● Work required: Transcribe only the lines in the data below falling between the line with "graanschuur framboos watermeloen zaden" and the line with "Detergente-Deja-5-Kg-Floral", including those two lines, and leave out any picture.

● Record excerpts:
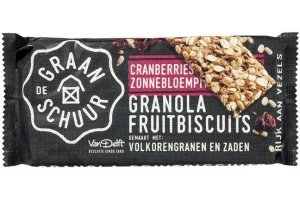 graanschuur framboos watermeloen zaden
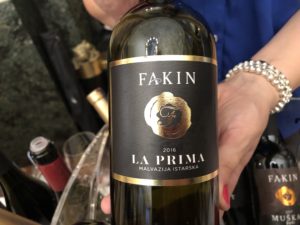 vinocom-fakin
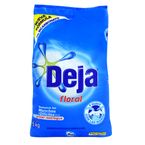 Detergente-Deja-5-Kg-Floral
* * *
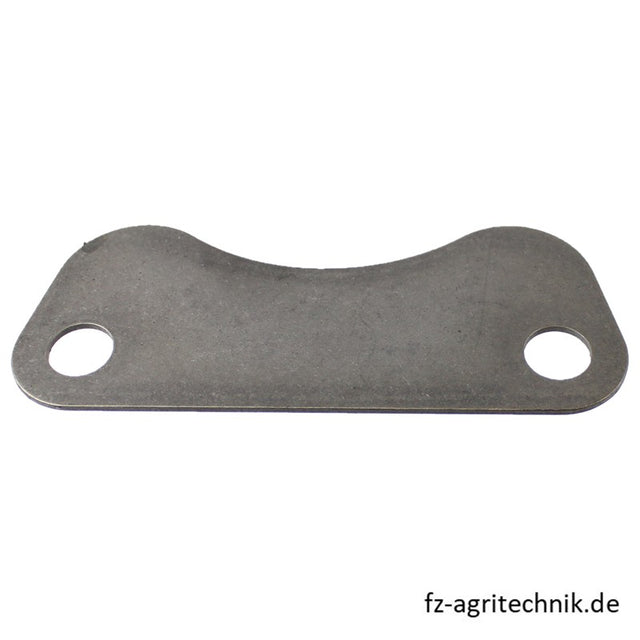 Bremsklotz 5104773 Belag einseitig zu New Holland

● Task solution:
 graanschuur framboos watermeloen zaden
 vinocom-fakin
 Detergente-Deja-5-Kg-Floral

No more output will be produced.